概ね過去問通りでしたが、線形代数は線形変換に関する問題が出題されました。勘で解いたので0か100です。そのほかはほぼ満点取れているので、80~90%の出来だと予想してます。

国語

文章読解が1つになりましたが量は非常に増えました。関関同立の入試問題ぐらいあるのではないかと思います。それでも時間が60分しかなく、文章読解は45分ほどしか使えないのでハードでした。出来は60%ほど

専門科目

①流体力学

定常流れの流速や流量を求めたり、運動量保存則を用いて力の大きさを求める問題が出題されましたがあまり出来が良くありませんでした。

②熱力学

前半はポリトロープ指数から何の状態変化なのかとその理由も求める問題、後半はポリトロープ比熱のグラフを描く問題が誘導形式で出題されました。教科書の内容を理解していれば十分でしょうか。出来はほぼ満点だと思います。

③材料力学

不静定問題が出題されました。誘導形式で棒の応力を求める問題で、授業の教科書で類似問題があったのですぐに解法が思いつきました。満点予想です

④材料力学・材料学

前半は応力ひずみ曲線から小問が5つ、おもに材料力学と材料学の内容が混合していました。後半は平衡状態図の読み取り問題。
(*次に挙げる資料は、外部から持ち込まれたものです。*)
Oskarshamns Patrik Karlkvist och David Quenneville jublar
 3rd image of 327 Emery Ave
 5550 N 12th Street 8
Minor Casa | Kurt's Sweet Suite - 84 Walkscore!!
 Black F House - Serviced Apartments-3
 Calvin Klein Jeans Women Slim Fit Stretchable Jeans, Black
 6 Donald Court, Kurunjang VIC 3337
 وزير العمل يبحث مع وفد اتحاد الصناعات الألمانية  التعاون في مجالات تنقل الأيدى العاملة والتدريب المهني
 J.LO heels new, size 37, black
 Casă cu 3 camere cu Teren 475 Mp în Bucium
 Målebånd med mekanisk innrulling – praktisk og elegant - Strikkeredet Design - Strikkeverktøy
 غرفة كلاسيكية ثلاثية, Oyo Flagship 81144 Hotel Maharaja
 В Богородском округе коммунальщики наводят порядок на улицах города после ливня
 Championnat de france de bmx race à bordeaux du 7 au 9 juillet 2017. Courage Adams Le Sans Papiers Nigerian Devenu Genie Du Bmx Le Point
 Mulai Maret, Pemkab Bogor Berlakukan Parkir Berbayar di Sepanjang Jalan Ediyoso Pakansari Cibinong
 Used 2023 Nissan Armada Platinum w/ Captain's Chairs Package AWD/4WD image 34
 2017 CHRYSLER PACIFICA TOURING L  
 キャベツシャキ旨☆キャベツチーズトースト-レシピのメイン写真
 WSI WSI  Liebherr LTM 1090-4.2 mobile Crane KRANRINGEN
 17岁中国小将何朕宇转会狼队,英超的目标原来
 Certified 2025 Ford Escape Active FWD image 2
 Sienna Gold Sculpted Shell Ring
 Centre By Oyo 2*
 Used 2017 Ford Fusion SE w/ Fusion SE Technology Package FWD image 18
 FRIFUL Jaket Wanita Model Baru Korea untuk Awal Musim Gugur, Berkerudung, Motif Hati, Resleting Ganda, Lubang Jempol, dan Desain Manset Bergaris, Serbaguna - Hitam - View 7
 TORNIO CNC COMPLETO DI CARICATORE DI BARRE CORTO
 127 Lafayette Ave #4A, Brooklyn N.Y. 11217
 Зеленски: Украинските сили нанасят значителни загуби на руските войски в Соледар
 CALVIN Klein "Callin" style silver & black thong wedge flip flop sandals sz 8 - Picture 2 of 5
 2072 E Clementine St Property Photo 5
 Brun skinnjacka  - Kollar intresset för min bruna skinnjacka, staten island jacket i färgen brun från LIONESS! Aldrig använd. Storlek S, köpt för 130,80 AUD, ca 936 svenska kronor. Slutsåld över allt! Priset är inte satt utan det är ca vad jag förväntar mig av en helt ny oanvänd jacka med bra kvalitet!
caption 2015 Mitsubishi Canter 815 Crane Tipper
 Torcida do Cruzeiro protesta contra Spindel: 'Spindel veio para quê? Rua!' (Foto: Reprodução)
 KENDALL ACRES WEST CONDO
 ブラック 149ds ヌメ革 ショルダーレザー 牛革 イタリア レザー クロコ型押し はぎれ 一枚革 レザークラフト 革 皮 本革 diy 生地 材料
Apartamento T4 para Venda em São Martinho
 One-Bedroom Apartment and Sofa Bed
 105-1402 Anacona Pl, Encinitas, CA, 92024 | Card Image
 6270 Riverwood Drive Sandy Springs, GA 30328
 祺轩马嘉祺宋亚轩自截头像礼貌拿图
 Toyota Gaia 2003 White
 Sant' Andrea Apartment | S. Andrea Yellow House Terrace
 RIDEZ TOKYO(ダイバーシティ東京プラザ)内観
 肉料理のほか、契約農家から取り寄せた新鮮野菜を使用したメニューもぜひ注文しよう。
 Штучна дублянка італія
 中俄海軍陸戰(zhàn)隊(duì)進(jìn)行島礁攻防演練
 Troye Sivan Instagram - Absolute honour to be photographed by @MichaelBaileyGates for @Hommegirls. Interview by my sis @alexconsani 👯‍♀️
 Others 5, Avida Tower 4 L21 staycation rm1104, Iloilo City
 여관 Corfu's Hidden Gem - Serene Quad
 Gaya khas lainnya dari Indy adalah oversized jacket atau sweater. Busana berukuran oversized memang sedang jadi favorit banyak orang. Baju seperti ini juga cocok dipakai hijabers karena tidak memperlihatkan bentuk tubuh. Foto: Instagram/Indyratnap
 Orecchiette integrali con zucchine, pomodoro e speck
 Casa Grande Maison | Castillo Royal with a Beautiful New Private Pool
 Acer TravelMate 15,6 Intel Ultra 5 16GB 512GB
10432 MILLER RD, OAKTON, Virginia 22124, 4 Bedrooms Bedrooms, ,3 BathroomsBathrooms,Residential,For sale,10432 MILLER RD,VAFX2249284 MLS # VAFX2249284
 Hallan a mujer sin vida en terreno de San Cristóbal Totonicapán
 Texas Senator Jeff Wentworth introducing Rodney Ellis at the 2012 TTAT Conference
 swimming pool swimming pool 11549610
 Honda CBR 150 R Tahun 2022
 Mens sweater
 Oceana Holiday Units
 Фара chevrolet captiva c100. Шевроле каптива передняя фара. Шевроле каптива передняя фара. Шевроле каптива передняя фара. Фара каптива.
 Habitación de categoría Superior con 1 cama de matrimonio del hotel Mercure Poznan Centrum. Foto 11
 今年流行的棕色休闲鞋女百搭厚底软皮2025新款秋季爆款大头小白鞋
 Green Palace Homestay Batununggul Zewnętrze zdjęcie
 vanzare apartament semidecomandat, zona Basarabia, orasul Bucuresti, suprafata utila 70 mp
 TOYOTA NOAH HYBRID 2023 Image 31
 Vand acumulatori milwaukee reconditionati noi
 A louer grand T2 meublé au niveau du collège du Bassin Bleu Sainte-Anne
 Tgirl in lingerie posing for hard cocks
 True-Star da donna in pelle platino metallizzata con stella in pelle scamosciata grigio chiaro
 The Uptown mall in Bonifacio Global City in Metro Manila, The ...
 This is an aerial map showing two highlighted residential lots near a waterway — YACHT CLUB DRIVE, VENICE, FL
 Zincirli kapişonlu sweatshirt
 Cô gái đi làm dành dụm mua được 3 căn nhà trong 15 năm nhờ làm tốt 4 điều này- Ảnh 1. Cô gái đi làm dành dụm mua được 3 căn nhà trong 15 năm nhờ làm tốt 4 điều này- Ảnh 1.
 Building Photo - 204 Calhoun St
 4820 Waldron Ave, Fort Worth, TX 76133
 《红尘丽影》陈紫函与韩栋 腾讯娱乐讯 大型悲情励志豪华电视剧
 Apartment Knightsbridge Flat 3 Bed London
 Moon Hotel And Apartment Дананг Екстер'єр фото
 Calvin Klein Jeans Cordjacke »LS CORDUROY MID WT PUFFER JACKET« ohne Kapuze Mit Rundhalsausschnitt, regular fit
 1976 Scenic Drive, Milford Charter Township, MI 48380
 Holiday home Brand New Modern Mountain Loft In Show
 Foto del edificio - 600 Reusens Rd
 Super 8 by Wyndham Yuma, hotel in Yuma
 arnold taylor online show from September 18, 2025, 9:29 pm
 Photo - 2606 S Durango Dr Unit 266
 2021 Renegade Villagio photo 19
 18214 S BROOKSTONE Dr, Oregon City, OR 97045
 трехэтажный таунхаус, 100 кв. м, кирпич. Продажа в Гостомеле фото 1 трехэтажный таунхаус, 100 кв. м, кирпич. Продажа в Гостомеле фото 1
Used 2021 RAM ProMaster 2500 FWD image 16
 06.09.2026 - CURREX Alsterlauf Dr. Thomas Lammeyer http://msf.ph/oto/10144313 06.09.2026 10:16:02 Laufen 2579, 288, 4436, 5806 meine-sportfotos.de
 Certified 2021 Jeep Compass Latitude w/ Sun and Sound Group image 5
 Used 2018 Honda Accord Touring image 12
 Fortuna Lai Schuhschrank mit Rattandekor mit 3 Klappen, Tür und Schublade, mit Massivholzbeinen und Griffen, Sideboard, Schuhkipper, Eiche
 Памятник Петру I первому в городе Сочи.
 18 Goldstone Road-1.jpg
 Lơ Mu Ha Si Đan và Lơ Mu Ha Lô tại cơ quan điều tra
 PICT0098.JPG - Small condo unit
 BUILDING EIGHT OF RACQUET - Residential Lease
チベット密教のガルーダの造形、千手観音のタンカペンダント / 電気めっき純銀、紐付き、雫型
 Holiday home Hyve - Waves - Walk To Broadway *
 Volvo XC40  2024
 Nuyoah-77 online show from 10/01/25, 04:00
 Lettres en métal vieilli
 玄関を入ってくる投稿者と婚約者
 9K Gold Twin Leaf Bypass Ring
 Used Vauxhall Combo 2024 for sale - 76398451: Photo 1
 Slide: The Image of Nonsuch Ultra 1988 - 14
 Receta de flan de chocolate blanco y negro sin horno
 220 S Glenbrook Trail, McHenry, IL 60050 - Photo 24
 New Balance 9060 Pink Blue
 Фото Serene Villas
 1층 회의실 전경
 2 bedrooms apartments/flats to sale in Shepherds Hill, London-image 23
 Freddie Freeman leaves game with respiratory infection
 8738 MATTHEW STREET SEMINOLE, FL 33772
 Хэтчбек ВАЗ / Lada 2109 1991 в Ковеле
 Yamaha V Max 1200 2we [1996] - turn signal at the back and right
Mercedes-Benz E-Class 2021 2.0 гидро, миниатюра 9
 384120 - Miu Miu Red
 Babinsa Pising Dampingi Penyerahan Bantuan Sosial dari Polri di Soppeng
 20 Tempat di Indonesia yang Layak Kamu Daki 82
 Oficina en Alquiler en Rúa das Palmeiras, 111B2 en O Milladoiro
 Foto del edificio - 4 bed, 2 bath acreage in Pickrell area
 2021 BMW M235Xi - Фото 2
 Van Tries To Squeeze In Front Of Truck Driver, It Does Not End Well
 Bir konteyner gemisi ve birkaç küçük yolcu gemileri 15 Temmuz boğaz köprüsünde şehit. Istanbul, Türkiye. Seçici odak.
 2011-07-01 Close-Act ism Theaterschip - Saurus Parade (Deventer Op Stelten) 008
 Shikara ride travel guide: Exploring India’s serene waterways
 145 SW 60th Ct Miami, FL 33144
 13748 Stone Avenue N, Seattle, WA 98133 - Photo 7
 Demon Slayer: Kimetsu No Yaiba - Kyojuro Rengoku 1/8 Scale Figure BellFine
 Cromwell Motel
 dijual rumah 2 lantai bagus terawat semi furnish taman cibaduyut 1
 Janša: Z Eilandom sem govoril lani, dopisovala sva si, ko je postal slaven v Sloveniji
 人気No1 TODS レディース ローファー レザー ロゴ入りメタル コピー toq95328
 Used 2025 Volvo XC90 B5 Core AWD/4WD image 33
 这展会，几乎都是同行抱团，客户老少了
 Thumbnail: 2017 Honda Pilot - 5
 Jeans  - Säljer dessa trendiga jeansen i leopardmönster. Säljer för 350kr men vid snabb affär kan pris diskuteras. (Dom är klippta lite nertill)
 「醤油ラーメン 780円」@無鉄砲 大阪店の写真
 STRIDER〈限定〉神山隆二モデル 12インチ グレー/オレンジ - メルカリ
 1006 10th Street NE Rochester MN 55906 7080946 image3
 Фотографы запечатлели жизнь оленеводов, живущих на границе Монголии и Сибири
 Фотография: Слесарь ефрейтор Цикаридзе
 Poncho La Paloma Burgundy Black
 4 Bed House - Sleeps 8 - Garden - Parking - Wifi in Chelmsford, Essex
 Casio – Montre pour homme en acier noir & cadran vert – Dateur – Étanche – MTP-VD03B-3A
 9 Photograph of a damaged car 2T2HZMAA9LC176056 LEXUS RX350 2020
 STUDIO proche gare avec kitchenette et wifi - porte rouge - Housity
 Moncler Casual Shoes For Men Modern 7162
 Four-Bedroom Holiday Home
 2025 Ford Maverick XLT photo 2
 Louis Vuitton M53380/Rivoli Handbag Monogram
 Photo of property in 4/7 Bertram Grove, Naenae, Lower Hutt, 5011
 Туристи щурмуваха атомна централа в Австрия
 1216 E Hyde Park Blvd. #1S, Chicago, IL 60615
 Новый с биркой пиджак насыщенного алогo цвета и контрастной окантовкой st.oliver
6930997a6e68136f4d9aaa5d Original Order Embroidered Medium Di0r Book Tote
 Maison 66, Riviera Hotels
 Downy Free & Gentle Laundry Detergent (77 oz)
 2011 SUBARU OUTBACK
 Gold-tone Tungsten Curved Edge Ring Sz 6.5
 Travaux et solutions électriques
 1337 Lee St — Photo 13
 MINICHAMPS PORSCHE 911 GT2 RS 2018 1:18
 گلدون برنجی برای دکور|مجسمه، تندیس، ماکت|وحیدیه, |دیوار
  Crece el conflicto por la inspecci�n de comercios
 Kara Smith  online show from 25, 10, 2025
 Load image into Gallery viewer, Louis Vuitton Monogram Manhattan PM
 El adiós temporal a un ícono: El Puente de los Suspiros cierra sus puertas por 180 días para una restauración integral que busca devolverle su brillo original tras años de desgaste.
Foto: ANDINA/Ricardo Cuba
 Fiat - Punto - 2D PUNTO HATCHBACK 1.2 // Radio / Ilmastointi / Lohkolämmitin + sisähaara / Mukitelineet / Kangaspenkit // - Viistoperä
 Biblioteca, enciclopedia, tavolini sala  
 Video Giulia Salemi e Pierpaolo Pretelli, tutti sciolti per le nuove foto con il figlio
暗記と理解が試される問題でした。
暗記の部分は概ねできましたが、平衡状態図は勉強不足でした。

出来は全体で70%ほどではないかと予想してます。

面接

豊橋技術科学大学は面接がありません!!!
なので面接苦手な人はメリットが大きいです。
※長岡技術科学大学はあります。

後輩に伝えたいこと

全体

編入したい大学とその学部は早めに決めておきましょう。理想は4年の夏、遅くても秋には決めて受験勉強を始めるといいでしょう。
大学受験の勉強はかなり大変なので、適度に息抜きすることを勧めます。

浪人について

僕は大学編入で浪人を経験しました。浪人するのは悪くないと思いますが、様々な不利益を受けます(後述)。

個人の考えとして大学編入の浪人は留年と同じだと思います。大学編入の試験範囲は主に大学1年、2年で習う内容であるため、編入試験に合格できない=大学での学びが身についていない証になってしまいます。それは大学の定期試験で例えると点数が悪くて単位が認定されず留年してしまった事と同じです。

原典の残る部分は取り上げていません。